### INFORMATION
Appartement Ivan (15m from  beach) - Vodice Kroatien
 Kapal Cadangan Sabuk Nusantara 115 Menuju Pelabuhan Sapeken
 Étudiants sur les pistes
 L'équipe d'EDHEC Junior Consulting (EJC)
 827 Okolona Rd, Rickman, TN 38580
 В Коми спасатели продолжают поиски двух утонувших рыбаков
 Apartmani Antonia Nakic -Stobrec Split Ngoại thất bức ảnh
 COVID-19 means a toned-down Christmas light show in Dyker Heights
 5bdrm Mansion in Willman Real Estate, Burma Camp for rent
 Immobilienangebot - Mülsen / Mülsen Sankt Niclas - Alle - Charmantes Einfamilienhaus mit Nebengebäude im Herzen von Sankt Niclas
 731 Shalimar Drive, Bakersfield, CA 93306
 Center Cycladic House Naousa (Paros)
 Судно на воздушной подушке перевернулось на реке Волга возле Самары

### TASK STATEMENT
Starting with the first line of the listing above and ending with the line that holds "5bdrm Mansion in", return those lines exactly as written, both included.

### WRITTEN SOLUTION
Appartement Ivan (15m from  beach) - Vodice Kroatien
 Kapal Cadangan Sabuk Nusantara 115 Menuju Pelabuhan Sapeken
 Étudiants sur les pistes
 L'équipe d'EDHEC Junior Consulting (EJC)
 827 Okolona Rd, Rickman, TN 38580
 В Коми спасатели продолжают поиски двух утонувших рыбаков
 Apartmani Antonia Nakic -Stobrec Split Ngoại thất bức ảnh
 COVID-19 means a toned-down Christmas light show in Dyker Heights
 5bdrm Mansion in Willman Real Estate, Burma Camp for rent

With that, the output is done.